The poster-male for this story, of course, is former Cardinal Theodore McCarrick, one of the American hierarchy's most powerful networkers and media stars over the past 50 years.
Then there is the #ChurchToo fall of the Rev. Bill Hybels, a superstar megachurch leader who helped create the "Seeker Friendly" evangelical movement of the past couple of decades.
But you know all of that, and I wove those subjects together the other day in a post with this headline: "Who you gonna call? New York Times offers a spiritual piece of the Bill Hybels puzzle."
It will not surprise people who listen to "Crossroads" that host Todd Wilkins and I returned to these topics in this week's podcast. Click here to tune that in.
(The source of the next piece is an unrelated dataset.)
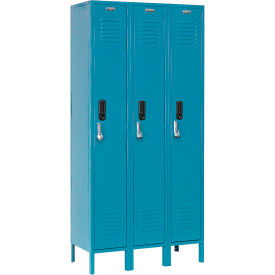 Global Industrial™ 1-Tier 3 Door Digital Locker 36""W x 12""D x 66""H Blue Unassembled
Look, everyone knows why -- in terms of news -- the Catholic crisis is as has hot at Hades. This is the biggest religion game in town. It's the religion-news Olympics. But why is the Willow Creek story so massive?
Now, the remaining leaders of Willow Creek Community Church have hit the exit doors. Click here for the Chicago Tribune report on that.
Why is the Hybels story so important? Well, on one level, we are talking about the fall of the good guys in American evangelicalism -- the good guys in the eyes of many journalists who have had their fill of bad-guy evangelicals.
Willow Creek was supposed to be the solution to the dead, irrelevant, embarrassing evangelical church problem. Here is a nice summary from a new Christianity Today piece:
As CT, the Chicago Tribune, and now The New York Times have reported on allegations of sexual misconduct and complaints about the Willow Creek board’s response, some less familiar with Willow Creek wonder why the ministry deserves all this attention.
“Willow Creek was revolutionary in that previously, churches assumed that all that was needed to reach unbelievers with the gospel was simply to say it one more time and not do anything particularly different,” said Marshall Shelley, a longtime editor for Leadership Journal.
Rather than just continue to sling religious language at the world, Willow’s leaders realized that “our culture is spiritually blind and is not going to respond to positively to a message that has grown overly familiar or has grown stale,” said Shelley. “Willow Creek said ‘We need to communicate in a way that is going to get people’s attention. Not say it the way we’ve said it thousands of times before but say it in a way that they’ve never heard it before.’”
This insight grew the ministry of the church and spawned the Willow Creek Association, a network for like-minded churches thousands of congregations strong.
In other words, Hybels was a cross between an archbishop, a reality-TV star and the CEO of a modern corporation known for its progressive vision of America. He helped cheer up President Bill Clinton, for heaven's sake.
Then: Boom. That's not a story about a single church.
Now, let's end this podcast intro by turning this around.
The whole Willow Creek anti-hierarchy has resigned. Will this megachurch be able to reboot? Who picks the next set of producers to run this television production?
So what happens with American Catholicism? Readers: Who do Catholic leaders need to do to show that they are listening? How much of the structure do they need to blow up?